Outra preocupação do notário, relativa ao governo, era de que os governantes deveriam manter afastadas suas relações de amizade enquanto ocupassem cargos de poder, já que isto diminuiria a dignidade do cargo, levantava suspeitas e estimulava a discórdia civil. A implicação era de que o “podestà” poderia ser tentado a ajudar os amigos violando as leis. Um podestà jamais deveria vender justiça ou receber presentes, afirmava ele.. E concluia que sendo a comunidade sempre dividida pelos interesses dos vários grupos sociais, a melhor maneira de se impor barreiras à corrupção e às dissidias seria obedecer a lei e temer a Deus.
O código de Brunetto, a ser seguido pelo bom governante determinava:
Não aceite um segundo termo;
Não faça amigos enquanto estiver governando;
Não mantenha contactos pessoais;
Não adquira débitos com pessoa alguma;
Não se permita ser louvado pelo conselho;
Esteja acima das partes e facções;
Sempre consulte os cidadãos mais capazes;
Favoreça a opinião e o conselho da maioria;
Obedeça estritamente a lei em todas as circunstancias;
Não aumente as taxas e impostos deixando a população endividada, salvo por manifesto benefício à cidade e pela aprovação do conselho.
Como fica muito claro na concepção do notário, justiça não soluciona todos os problemas existentes dentro de uma comunidade, pois as pessoas diferem umas das outras e assim sempre será.

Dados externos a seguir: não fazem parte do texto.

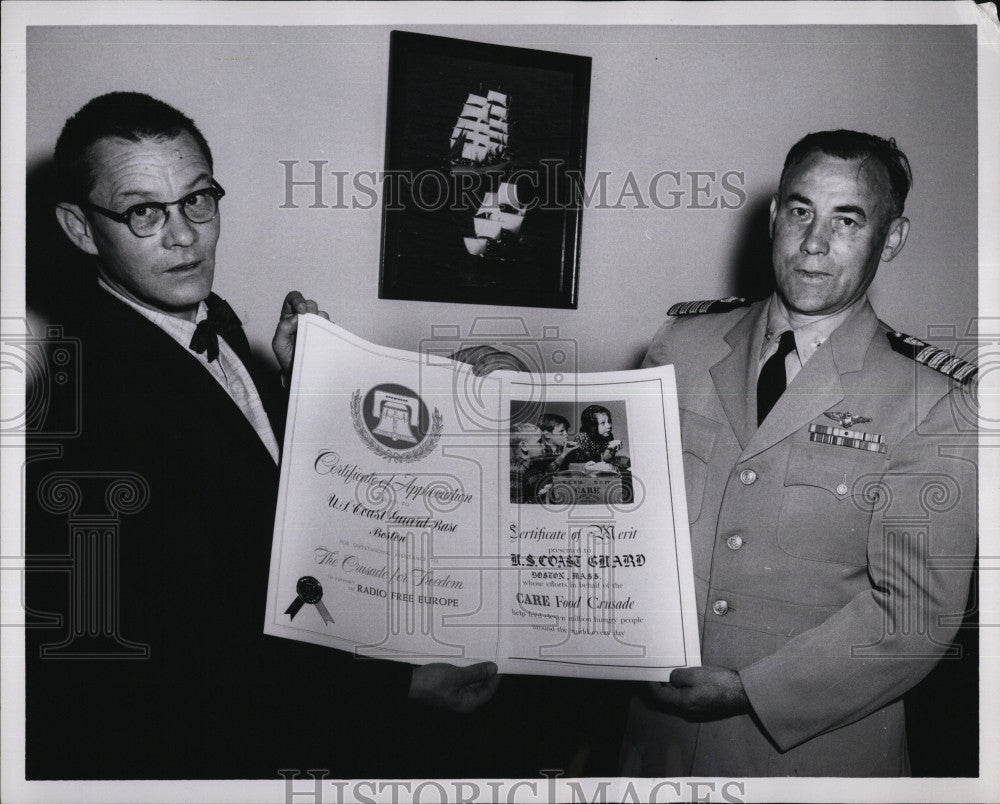 1958 Press Photo U.S.Coast Guard receive a certificate of appreciation. - Historic Images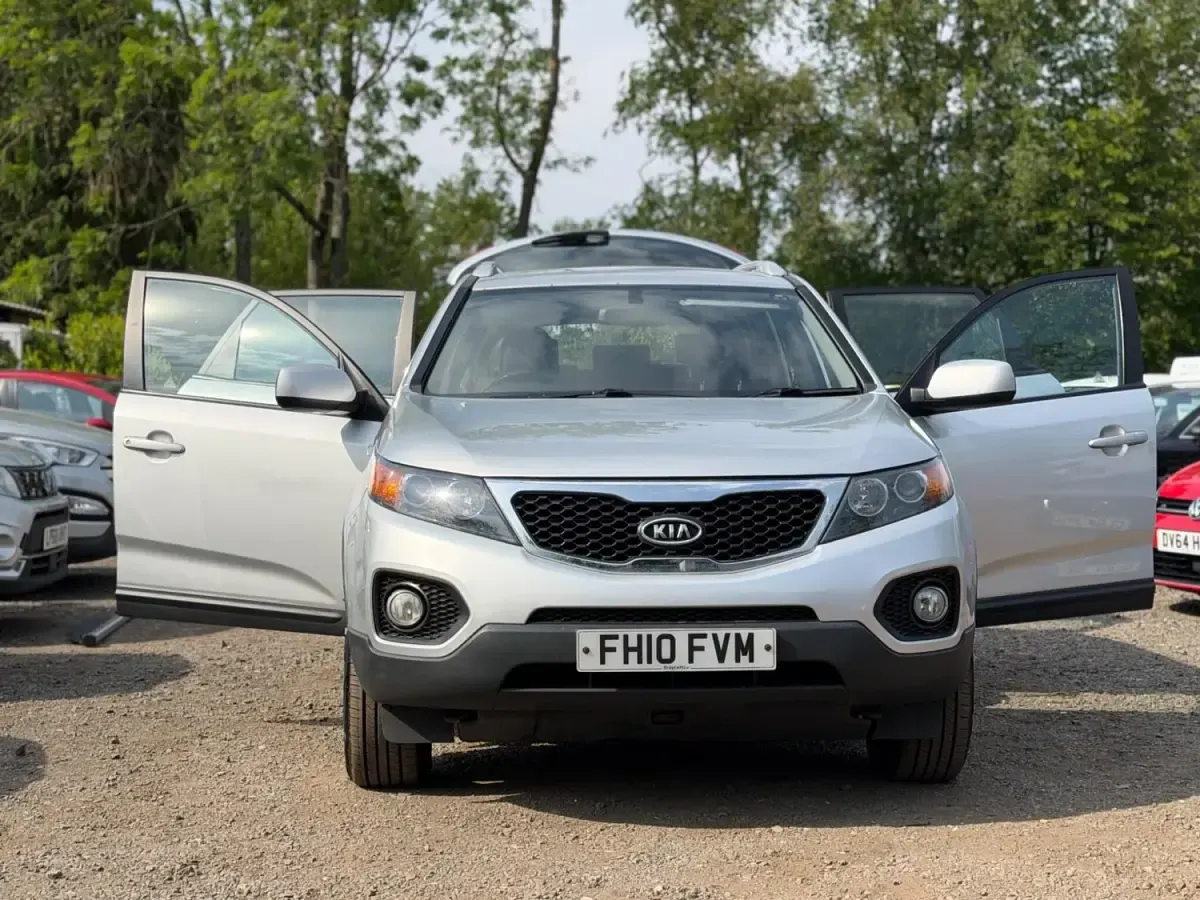 Begagnad Kia Sorento 197 HK (144 kW) 2010 Silver SUV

O homem sempre tem uma concepção arbitrária ao reclamar para si os bens terrenos. Mas, estando a justiça no meio deles torna-se possível a convivência social.
Em vários aspectos de seus escritos, Brunetto manifestou pensamentos e atitudes que retrataram a percepção local própria do século XIII. Porém, quando fala de política e sociedade, seus pensamentos são extraídos de um forte apego à cidade tendo-a como um fim em si mesma. E, numa época em que todo ato de governo era considerado fruto da vontade divina, sua visão política vai além de seu tempo. A noção medieval de que todo poder político provinha de Deus não era uma abstração. Continuamente, nas falas públicas o homem era conduzido a aceitar plenamente a vontade divina em seu destino. A doutrina era enunciada sob o juramento de que reis e governantes reconheciam a origem divina de sua autoridade. As conseqüências eram de ordem prática. Se toda a atividade política origina-se de uma concepção religiosa e sujeita à uma ordem de valores eternos, quem governava estava imbuído de um poder superior incontestável para criar as leis, julgar, administrar e decidir os destinos da cidade e de seus cidadãos, conduzi-los à guerra ou à paz. E as conseqüências para os cidadãos eram claras, os heréticos eram condenados à morte. Foi Brunetto Latini que, durante o tempo em que esteve exilado na França, primeiro manifestou sua compreensão da necessidade de separar a gestão do Estado de suas origens de cunho espiritual tornando-o secular. Mas, para que a semente de seu pensamento se espalhasse e provocasse mudanças para governos seculares levou tempo.